To understand why std::forward
is required consider the following:
- an r-value reference is a reference to an unnamed object (array elements are not considered unnamed because they are accessed through a named value);
- in cases where you have a function that accepts an r-value reference and such function wants then to call another function passing to it the received value as an r-value reference you have a problem because the value received as an r-value reference now has a name and it is not an r-value reference any more, see below
template < typename T >
void bar(T&& i) {...}
template < typename T >
void foo(T&& p) { //receive an r-value reference
//p has a name therefore it is not an r-value reference
//pass an l-value reference to bar
bar(p);
}
foo(2); //call foo with and r-value reference to "2"

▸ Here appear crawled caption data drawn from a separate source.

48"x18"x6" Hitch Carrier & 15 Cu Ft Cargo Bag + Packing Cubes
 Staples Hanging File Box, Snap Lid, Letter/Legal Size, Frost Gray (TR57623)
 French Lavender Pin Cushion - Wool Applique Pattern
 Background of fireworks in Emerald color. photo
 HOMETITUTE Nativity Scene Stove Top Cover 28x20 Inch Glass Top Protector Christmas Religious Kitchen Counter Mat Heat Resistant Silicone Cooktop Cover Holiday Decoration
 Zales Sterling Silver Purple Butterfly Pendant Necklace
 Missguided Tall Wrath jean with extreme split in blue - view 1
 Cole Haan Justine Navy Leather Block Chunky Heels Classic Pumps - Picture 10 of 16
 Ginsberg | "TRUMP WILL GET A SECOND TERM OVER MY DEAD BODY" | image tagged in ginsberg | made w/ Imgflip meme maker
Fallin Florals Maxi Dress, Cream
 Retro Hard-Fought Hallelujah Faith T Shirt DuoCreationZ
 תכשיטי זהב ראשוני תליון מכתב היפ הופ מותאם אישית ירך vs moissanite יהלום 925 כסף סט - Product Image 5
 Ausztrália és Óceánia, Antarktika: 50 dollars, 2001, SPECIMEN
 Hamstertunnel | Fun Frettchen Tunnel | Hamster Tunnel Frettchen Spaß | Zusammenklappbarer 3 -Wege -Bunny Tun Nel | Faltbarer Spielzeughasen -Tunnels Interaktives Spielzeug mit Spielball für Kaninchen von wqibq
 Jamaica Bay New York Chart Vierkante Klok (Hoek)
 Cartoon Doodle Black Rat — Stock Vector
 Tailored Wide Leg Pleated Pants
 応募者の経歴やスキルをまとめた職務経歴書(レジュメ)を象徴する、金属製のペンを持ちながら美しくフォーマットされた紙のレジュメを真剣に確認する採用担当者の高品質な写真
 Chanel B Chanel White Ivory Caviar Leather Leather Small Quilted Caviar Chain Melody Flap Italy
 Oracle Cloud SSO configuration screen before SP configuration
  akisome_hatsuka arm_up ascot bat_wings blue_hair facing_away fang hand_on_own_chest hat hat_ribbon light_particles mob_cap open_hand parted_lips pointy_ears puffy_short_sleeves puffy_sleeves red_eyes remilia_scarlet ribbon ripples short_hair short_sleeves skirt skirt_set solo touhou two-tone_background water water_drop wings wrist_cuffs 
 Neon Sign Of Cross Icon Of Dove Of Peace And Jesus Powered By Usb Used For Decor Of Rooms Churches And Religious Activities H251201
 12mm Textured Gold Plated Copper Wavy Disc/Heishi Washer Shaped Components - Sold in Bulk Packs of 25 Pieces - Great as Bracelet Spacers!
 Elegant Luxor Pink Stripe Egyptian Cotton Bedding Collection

The function foo receives the parameter p as an r-value reference, but now p is the name assigned to the received value and therefore, within the body of foo, p is not an r-value reference any more but simply an l-value, so the bar function is now called with an l-value reference instead of an r-value reference, i.e. we are calling bar with a type different from the type received by foo.
In order to call the bar function with the same type as received by foo you need to:
- check the type of p and
- cast to T& if p is an l-value reference and T&& if p is not an l-value reference
So, let’s implement a version of std::forward
that does exactly what it is
described above:
//T& specialization
template < typename T >
T&& forward(T& v) {
return static_cast<T&&>(v);
}
//T&& specialization
template < typename T >
T&& forward(T&& v) {
return static_cast<T&&>(v);
}
//works if called as forward(...)
//does not work when forwarding a reference: forward<int&>(...)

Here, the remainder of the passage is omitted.